Letter from Dr. Ross.
I need only say, in reference to this letter, that my friends having questioned my position as to the good of the agitation, I wrote the following letter to vindicate that point, as given, in the New York speech:—
HUNTSVILLE, ALA., July 14, 1856.
Brother Blackburn:—I affirmed, in my New York speech, that the Slavery agitation has done, and will accomplish, good.
Your very kind and courteous disagreement on that point I will make the occasion to say something more thereon, without wishing you, my dear friend, to regard what I write as inviting any discussion.
I said that agitation has brought out, and would reveal still more fully, the Bible, in its relation to slavery and liberty,—also the infidelity which long has been, and is now, leavening with death the whole Northern mind. And that it would result in the triumph of the true Southern interpretation of the Bible; to the honor of God, and to the good of the master, the slave, the stability of the Union, and be a blessing to the world. To accomplish this, the sin per se doctrine will be utterly demolished. That doctrine is the difficulty in every Northern mind, (where there is any difficulty about slavery,) whether they confess it or not. Yes, the difficulty with every Northern man is, that the relation of master and slave is felt to be sin. I know that to be the fact. I have talked with all grades of Northern men, and come in contact with all varieties of Northern mind on this subject. And I know that the man who says and tries to believe, and does, partially in sober judgment, believe, that slavery is not sin, yet, in his feelings, in his educated prejudices, he feels that slavery is sin.
Yes, that is the difficulty, and that is the whole of the difficulty, between the North and the South, so far as the question is one of the Bible and morals. Now, I again say, that that sin per se doctrine will, in this agitation, be utterly demolished. And when that is done,—when the North will know and feel fully, perfectly, that the relation of master and slave is not sin, but sanctioned of God,—then, and not till then, the North and South can and will, without anger, consider the following questions:—Whether slavery, as it exists in the United States, all things considered, be or be not a great good, and the greatest good for a time, notwithstanding its admitted evils? Again, whether these evils can or cannot be modified and removed? Lastly, whether slavery itself can or cannot pass away from this land and the world? Now, sir, the moment the sin question is settled, then all is peace. For these other questions belong entirely to another category of morals. They belong entirely to the category of what is wise to realize good. This agitation will bring this great result. And therefore I affirm the agitation to be good.
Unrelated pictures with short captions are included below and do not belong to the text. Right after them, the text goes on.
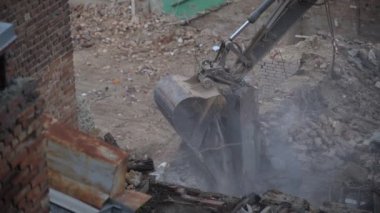 Antik tarihi binaların yıkımı, kazıcı eski bir evi yıkıyor. Terk edilmiş konut konsepti sahasına yeni binalar inşa ediliyor. Kentsel Yenilenme 4k Yüksek kalite video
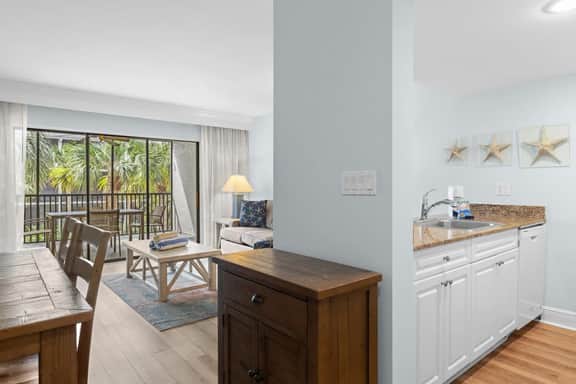 SS Tennis Villa 3221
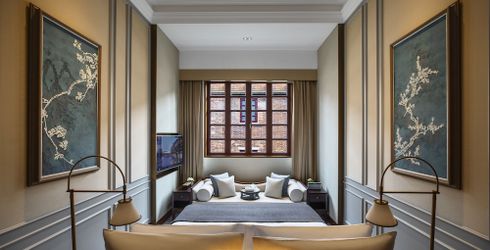 hotel room image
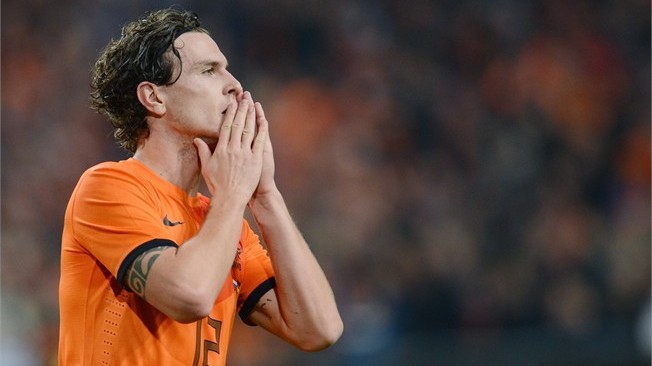 Newcastle Rekrut Bek Muda Belanda
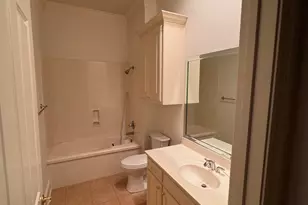 2426 Homestead Ln, Tyler, TX 75701 - Photo 11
There is another fact also, the result, in great measure, of this agitation, which in my view proves it to have been and to be of great good. I mean the astonishing rise and present stability of the slave-power of the United States. This fact, when examined, is undeniable. And it is equally undeniable that it has been caused, in great part, by the slavery question in all its bearings. It is a wonderful development made by God. And I must believe he intends thereby either to destroy or bless this great Union. But, as I believe he intends to bless, therefore I am fortified in affirming the good there has been and is in this agitation. Let me bring out to view this astonishing fact.
1. Twenty-five years ago, and previously, the whole slave-holding South and West had a strong tendency to emancipation, in some form. But the abolition movement then began, and arrested that Southern and Western leaning to emancipation. Many people have said, and do say, that that arrest was and is a great evil. I say it was and is a great good. Why? Answer: It was and would now be premature. Had it been carried out, it would have been and would now be evil, immense, inconceivable,—to master, slave, America, Africa, and the world; because neither master, slave, America, Africa, the world, were, or are, ready for emancipation. God has a great deal to do before he is ready for emancipation. He tells us so by this arrest put upon that tendency to emancipation years ago. For He put it into the hearts of abolitionists to make the arrest. And He stopped the Southern movement all the more perfectly by permitting Great Britain to emancipate Jamaica, and letting that experiment prove, as it has, a perfect failure and a terrible warning. JAMAICA IS DESTROYED. And now, whatever be done for its negroes must be done with the full admission that what has been attempted was in violation of the duty Britain owed to those negroes. But her failure in seeing and doing her duty, God has given to us to teach us knowledge; and, through us, to instruct the world in the demonstration of the problem of slavery.
2. God put it into the hearts of Northern men—especially abolitionists—to give Texas to the South. Texas, a territory so vast that a bird, as Webster said, can't fly over it in a week. Many in the South did not want Texas. But many longer-headed ones did want it. And Northern men voted and gave to the South exactly what these longer-headed Southern statesmen wanted. This, I grant, was Northern anti-slavery fatuity, utterly unaccountable but that God made them do it.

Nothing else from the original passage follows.